## Items listed in a dataset
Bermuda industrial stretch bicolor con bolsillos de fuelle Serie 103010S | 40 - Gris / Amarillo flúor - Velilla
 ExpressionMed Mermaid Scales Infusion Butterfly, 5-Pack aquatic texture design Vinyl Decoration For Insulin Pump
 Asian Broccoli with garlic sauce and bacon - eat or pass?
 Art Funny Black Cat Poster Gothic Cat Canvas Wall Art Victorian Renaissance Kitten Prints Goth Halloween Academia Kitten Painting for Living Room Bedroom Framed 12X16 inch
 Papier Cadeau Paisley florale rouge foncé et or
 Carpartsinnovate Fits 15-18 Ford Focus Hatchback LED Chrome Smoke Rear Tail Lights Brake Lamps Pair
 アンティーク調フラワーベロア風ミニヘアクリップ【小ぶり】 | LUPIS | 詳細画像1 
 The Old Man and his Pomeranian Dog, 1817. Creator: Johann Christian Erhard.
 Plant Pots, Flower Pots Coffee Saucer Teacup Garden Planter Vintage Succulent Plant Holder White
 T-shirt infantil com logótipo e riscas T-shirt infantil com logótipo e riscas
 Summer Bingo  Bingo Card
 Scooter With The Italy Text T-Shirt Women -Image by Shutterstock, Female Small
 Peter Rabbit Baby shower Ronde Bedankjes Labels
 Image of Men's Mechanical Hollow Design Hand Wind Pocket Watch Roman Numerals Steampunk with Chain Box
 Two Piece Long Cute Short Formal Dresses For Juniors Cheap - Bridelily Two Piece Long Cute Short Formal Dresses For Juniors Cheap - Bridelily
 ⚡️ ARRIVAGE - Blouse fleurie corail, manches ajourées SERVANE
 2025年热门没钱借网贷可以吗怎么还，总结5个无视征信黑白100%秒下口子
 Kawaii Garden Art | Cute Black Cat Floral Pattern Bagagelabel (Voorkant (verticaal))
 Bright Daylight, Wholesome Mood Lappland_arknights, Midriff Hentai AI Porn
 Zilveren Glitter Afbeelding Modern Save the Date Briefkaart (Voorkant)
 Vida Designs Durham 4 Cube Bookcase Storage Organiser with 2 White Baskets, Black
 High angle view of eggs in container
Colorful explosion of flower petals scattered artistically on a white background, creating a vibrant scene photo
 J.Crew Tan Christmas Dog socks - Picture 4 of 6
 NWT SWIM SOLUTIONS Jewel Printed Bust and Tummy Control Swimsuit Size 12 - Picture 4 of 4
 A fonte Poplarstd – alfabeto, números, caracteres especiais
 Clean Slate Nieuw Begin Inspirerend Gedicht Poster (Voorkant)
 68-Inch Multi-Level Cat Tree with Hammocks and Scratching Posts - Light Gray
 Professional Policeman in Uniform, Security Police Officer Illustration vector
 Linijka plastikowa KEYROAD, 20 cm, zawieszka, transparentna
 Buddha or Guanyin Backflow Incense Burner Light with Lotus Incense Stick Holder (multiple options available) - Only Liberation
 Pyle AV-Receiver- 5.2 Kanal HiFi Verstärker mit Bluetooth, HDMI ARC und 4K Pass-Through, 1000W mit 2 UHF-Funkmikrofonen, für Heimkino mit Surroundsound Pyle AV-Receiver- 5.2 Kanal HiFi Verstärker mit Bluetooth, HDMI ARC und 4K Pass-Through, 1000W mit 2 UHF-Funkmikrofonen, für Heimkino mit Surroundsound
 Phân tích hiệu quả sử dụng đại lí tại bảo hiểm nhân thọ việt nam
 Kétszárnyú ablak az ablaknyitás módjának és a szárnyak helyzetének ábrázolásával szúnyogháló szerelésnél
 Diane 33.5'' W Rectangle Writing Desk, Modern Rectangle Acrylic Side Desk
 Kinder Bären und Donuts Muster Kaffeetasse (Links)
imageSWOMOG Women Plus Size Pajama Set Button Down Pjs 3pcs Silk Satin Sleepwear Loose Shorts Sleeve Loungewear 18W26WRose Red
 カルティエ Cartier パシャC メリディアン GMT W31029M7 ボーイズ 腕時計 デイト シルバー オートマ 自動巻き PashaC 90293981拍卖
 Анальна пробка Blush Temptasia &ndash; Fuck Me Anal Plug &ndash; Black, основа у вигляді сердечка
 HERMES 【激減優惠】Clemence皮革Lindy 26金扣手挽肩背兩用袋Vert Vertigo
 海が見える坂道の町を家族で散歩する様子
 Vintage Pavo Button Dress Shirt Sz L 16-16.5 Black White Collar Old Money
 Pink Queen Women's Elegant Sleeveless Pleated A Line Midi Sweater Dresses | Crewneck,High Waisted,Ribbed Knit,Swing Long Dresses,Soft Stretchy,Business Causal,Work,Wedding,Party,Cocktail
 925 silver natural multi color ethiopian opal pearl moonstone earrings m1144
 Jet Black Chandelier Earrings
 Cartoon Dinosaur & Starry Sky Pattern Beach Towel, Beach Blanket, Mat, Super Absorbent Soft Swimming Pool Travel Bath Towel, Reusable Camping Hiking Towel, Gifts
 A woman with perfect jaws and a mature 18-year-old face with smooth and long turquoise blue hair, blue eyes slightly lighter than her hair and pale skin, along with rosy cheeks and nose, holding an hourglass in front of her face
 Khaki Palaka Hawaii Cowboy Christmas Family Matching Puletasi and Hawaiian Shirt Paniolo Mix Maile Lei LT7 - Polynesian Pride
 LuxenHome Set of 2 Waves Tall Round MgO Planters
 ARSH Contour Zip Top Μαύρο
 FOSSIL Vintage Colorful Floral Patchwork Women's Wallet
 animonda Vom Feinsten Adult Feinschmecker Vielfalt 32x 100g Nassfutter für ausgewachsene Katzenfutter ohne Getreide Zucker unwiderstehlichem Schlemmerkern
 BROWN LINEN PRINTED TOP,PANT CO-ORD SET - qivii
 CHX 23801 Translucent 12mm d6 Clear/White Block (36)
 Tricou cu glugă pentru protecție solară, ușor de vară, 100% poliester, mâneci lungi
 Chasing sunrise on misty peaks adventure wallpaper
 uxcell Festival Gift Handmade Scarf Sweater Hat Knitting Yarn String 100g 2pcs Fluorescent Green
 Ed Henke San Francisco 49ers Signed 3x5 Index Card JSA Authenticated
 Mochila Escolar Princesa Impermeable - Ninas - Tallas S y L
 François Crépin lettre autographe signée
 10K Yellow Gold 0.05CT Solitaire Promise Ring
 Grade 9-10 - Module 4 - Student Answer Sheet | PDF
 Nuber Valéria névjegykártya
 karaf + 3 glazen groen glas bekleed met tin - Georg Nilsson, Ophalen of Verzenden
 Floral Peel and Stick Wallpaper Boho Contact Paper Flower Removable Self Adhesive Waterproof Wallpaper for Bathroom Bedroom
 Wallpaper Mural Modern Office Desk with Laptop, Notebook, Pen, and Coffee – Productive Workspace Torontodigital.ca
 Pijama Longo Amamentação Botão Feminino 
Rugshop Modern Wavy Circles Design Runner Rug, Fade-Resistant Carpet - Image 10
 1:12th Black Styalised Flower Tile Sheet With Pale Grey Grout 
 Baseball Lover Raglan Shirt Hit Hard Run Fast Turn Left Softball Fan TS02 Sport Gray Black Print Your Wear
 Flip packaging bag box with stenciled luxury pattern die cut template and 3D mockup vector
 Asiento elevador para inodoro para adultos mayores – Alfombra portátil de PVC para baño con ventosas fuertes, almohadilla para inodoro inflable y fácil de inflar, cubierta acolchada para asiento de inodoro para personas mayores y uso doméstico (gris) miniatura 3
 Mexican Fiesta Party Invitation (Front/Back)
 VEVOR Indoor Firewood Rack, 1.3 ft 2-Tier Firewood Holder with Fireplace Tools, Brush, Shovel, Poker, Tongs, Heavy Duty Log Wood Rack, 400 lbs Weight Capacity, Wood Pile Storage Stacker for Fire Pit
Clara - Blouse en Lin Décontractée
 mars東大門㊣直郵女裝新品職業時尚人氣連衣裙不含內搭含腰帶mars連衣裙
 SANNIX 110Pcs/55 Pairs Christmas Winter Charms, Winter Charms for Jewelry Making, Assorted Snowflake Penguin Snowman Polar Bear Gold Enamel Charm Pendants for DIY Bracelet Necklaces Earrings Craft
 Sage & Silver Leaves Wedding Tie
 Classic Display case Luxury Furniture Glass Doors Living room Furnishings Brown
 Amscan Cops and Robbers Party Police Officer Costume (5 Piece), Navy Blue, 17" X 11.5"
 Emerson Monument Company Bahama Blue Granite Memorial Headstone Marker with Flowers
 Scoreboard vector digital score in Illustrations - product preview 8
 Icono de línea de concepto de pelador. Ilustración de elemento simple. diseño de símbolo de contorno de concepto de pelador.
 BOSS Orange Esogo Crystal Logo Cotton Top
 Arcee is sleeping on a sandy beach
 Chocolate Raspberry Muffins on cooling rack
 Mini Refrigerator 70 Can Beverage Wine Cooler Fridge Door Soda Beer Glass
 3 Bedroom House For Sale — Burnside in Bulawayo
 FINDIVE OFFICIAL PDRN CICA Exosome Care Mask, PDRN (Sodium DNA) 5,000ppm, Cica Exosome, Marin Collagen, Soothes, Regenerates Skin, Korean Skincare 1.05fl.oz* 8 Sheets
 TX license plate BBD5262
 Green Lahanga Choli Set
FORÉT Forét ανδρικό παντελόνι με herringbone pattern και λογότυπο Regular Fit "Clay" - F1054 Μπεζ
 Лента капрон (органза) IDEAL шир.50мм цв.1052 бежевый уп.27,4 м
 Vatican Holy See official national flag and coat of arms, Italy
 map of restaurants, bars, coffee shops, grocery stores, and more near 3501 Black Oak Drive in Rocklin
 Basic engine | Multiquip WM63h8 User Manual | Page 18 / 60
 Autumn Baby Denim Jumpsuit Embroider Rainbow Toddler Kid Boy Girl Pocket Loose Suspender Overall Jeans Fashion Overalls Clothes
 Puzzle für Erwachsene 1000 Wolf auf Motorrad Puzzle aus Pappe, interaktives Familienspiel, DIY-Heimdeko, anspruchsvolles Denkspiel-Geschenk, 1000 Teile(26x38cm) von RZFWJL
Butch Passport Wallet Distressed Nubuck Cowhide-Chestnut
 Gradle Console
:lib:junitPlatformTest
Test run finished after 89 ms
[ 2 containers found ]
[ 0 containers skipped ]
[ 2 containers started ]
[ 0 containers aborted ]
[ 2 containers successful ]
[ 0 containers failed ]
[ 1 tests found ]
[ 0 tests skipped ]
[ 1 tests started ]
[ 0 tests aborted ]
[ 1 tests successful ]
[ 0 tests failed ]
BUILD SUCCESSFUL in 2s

## BRIEF
Exactly the lines from the one containing "Puzzle für Erwachsene" through the end of the records above are to be printed, and no others.

## EXERCISE OUTPUT
 Puzzle für Erwachsene 1000 Wolf auf Motorrad Puzzle aus Pappe, interaktives Familienspiel, DIY-Heimdeko, anspruchsvolles Denkspiel-Geschenk, 1000 Teile(26x38cm) von RZFWJL
Butch Passport Wallet Distressed Nubuck Cowhide-Chestnut
 Gradle Console
:lib:junitPlatformTest
Test run finished after 89 ms
[ 2 containers found ]
[ 0 containers skipped ]
[ 2 containers started ]
[ 0 containers aborted ]
[ 2 containers successful ]
[ 0 containers failed ]
[ 1 tests found ]
[ 0 tests skipped ]
[ 1 tests started ]
[ 0 tests aborted ]
[ 1 tests successful ]
[ 0 tests failed ]
BUILD SUCCESSFUL in 2s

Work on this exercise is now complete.